+++ Dataset records +++

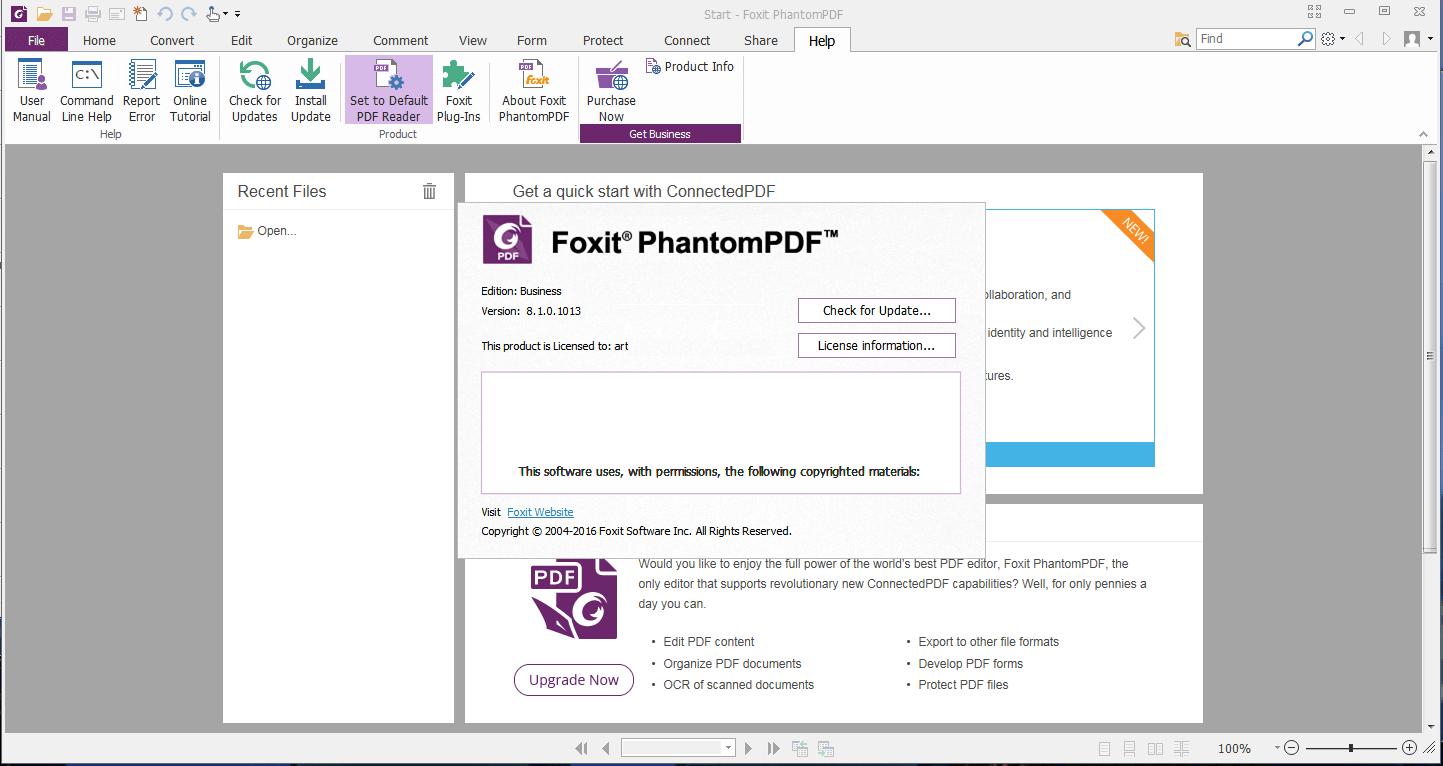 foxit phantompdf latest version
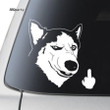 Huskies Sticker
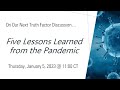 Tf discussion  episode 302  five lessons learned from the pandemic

+++
+++ Dataset records +++

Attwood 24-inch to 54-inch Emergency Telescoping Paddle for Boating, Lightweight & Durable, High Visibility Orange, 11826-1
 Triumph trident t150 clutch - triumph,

+++
+++ Dataset records +++

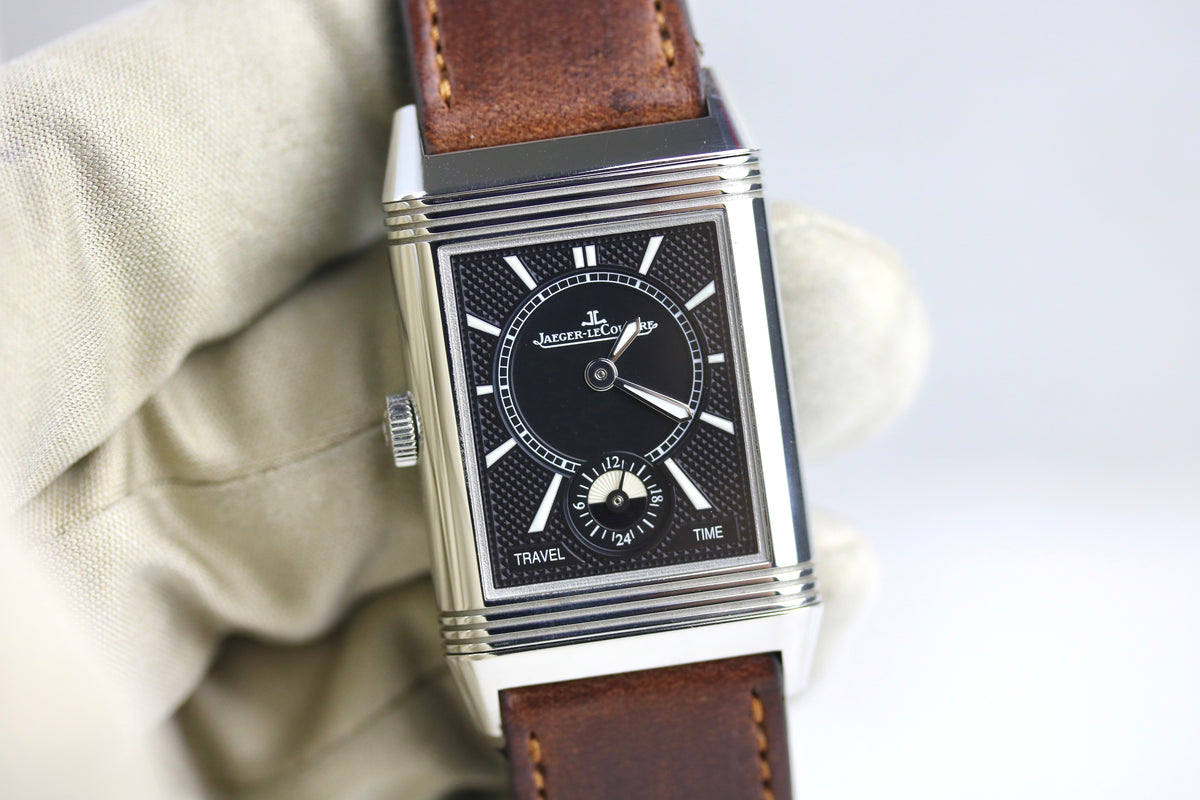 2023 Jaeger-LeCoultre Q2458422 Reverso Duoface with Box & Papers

+++

• [Task instructions]: Start at the line containing "foxit phantompdf latest version" above and stop at the line containing "from the pandemic". Output those lines exactly, both included, but none of the pictures.

• [Result for this exercise]:
 foxit phantompdf latest version
 Huskies Sticker
 Tf discussion  episode 302  five lessons learned from the pandemic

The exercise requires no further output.